Bolivian says climate talks may commit 'ecocide'
December 9, 2010 By CHARLES J. HANLEY , AP Special Correspondent
Environmental activists from 350.org, left, demonstrate before the cameras of journalists during the United Nations Climate Change Conference in Cancun, Mexico, Thursday Dec. 9, 2010. (AP Photo/Eduardo Verdugo)
(AP) -- Bolivia's President Evo Morales, addressing a U.N. climate conference with modest goals, said Thursday that governments will be committing "ecocide" if they fail to act decisively to halt global warming.
It will be a "failure on the part of the powers of the world, not the peoples, because we need to adopt texts that do not allow further warming of the Earth," Morales told delegates to the two-week conference, which ends on Friday.
The Bolivians lead a group of dissident, left-leaning Latin American governments at the annual U.N. talks, and have complained in particular about closed consultations limited to a select number of delegations.
Morales echoed that complaint in a passionate, 20-minute speech, raising questions anew about whether his Bolivarian coalition of nations will block consensus on items before the assembly.
Citing families deprived of water because of warming and drought, and islanders facing the loss of homes from seas rising from global warming, Morales said that if governments move away from strong, mandatory emissions reductions, "then we will be responsible for `ecocide,' which is equivalent to genocide because this would be an affront to mankind as a whole."

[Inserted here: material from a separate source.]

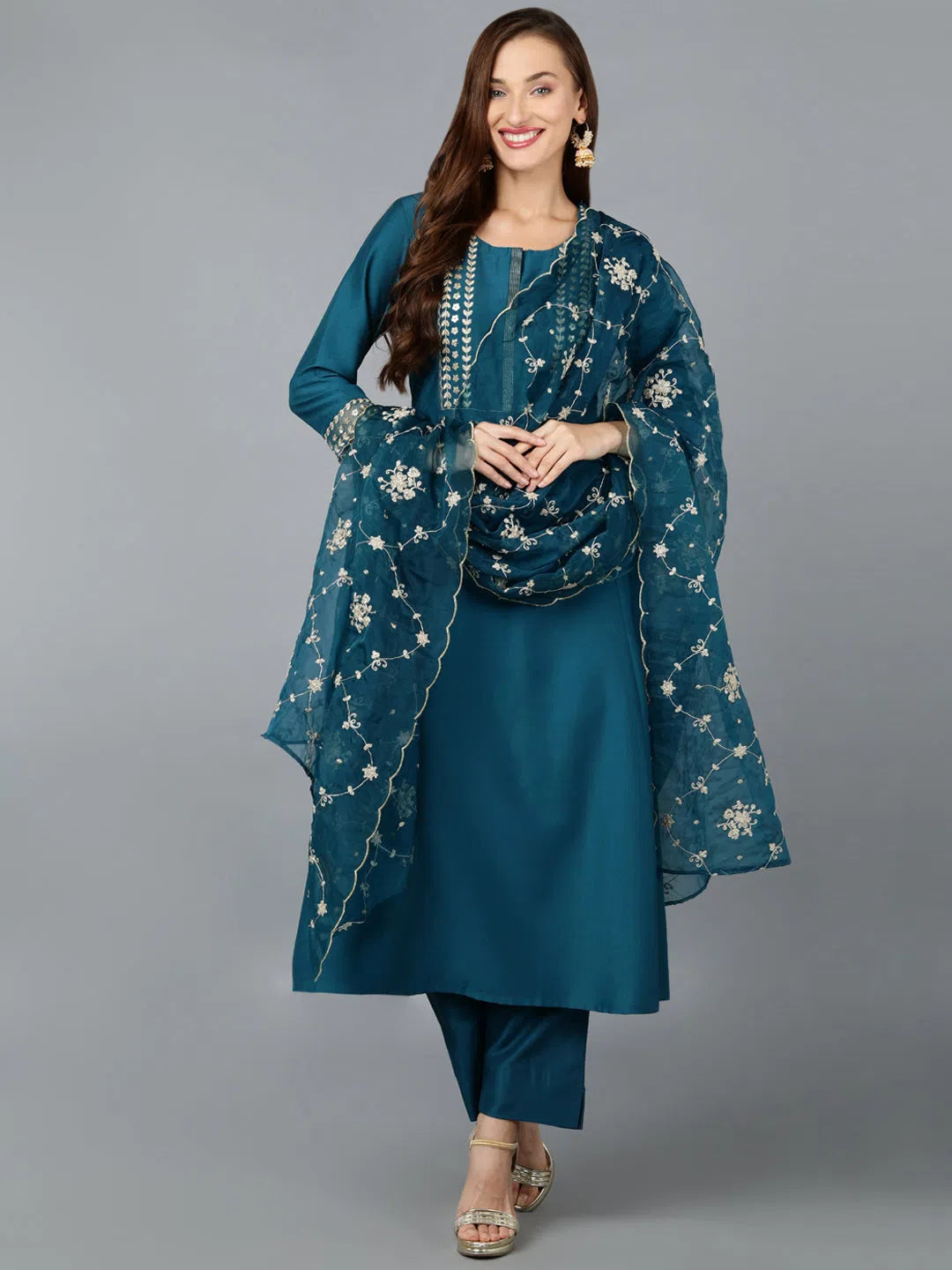 Ahika Women Silk Blend Embroidered Kurta Trouser-PKSKD1901A_XS Trousers stylish elegant Ahika Women Silk Blend Embroidered Kurta Trouser-PKSKD1901A_XS Trousers stylish elegant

This year again, the U.N. talks will fail to produce an overarching deal to slash emissions of global warming gases. From the start, the talks focused instead on reaching agreement in secondary areas under the 193-nation U.N. climate treaty.

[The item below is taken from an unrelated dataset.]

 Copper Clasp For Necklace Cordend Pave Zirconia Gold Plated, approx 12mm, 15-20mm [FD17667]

Delegates haggled and cajoled in search of compromise on a raft of issues, including whether industrial nations should generate $100 billion a year, or up to six times as much, to help poorer countries cope with global warming.
Setting up such a "green fund" would top the list of accomplishments in Cancun, and late Wednesday, the special climate envoy of host Mexico foresaw success.
"Our expectation is it will be decided at Cancun," said Luis Alfonso de Alba.
Earlier, U.N. Secretary-General Ban Ki-moon, leading a discussion on climate financing, described the fund as "crucial for building trust between the developed and developing world," trust that U.N. officials hope could eventually pave the way to a comprehensive climate deal.
Last year's climate summit in Copenhagen, Denmark, was supposed to have produced a global pact under which richer nations, and possibly some poorer ones, would be required to rein in carbon dioxide and other greenhouse gases emitted by industry, vehicles and agriculture.
That agreement would have succeeded the 1997 Kyoto Protocol, which mandated modest emissions reductions by developed nations that expire in 2012. Alone in the industrial world, the U.S. rejected Kyoto, complaining that emerging economies, such as China and India, should also have taken on obligations.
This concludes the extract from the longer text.